If someone is claiming to have unconditional love for you, and then treats you horribly, maybe they do love you in their own twisted version of the word. But they are not showing you respect, and you have to stop the wheels of your mind for a moment in order to touch in with how you feel.

No matter what someone means when they say they love you, you have to listen to your own feelings. How are they treating you? Try not to think about it in terms of concrete examples of what is love or not-love, but just think of how you feel. You can tell when someone is genuinely spending time with you, and you can also tell when someone is in their own head while with you and is hardly present at all. You should pay attention to the same things within yourself.

The problem is that our culture teaches us numbness at every possible moment. You are supposed to get a job, make money, come home and turn on the TV. You are supposed to work yourself to death to pay for things you never really  needed. You are definitely not supposed to sit in silence, taking breaths and feeling the air come into your body and fuel your very existence. This would be a waste of time, I mean, you could be working.

And this is what our parents have been taught. This is how they grew up, and this is how we are growing up. I love you is a set of words that is supposed to mean something, but often times, even coming from those that we have known the very longest, they mean nothing. They symbolize an intention, a play of power, an excuse. They are often times backed up by nothing, and yet we can hear them and turn into ourselves, trying to figure out why we feel insane.

The reason we feel insane is that we have been the little girl. We have all had intuitions that have been true, and yet the people we were intuiting about have told us we were wrong. We believed them. We repeat the process, hiding our fears and moods from those around us, telling people we love them when we have no clue what that means. We say it while thinking of other things, we say it without truly feeling anything. Even though we know the feelings are in there somewhere, we don’t have the time to stop our minds and touch in with them.

This is the problem.
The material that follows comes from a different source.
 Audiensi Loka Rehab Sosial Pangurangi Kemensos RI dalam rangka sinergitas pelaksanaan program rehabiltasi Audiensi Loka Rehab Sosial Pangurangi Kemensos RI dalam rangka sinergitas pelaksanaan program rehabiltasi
And the only solution is to stop. To listen. To trust your feelings, and let go of trying to make the square peg fit in the round hole. To realize that sometimes, people say they love us, and what they mean is something different. Sometimes, a parent or partner is truly disrespectful, regardless of how many calories they burn on words. The words I love you coming from their mouth does not need to make you second-guess your intuition. The words do not need to make you feel as if you are crazy, or not seeing something that you should be seeing.
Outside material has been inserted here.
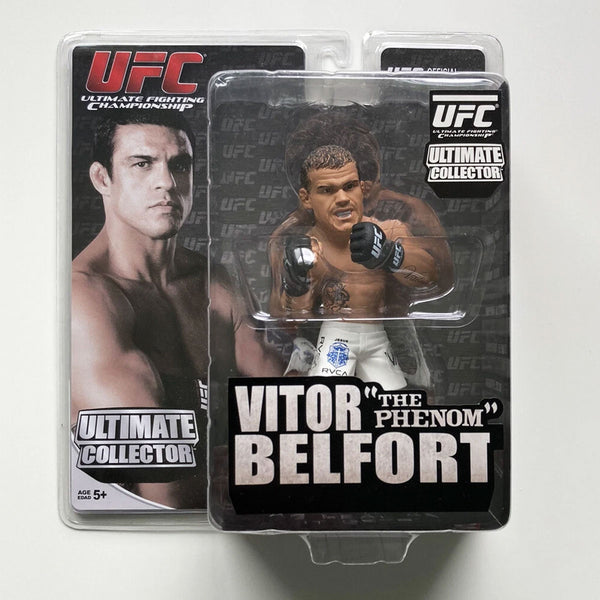 Round 5 UFC Vitor Belfort Figure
All I’m saying is that I’ve been there, feeling crazy, trying to make myself believe something. God knows how many calories that burns, but regardless, my wish would be for myself and those around me to remember that our intuitions are valuable. Our time is valuable. Our lives are valuable. When someone calls us out on something, it may be hard to admit that they are right, but the more that we can foster this intuition in ourselves and others, the more this culture of isolation will be put in its place.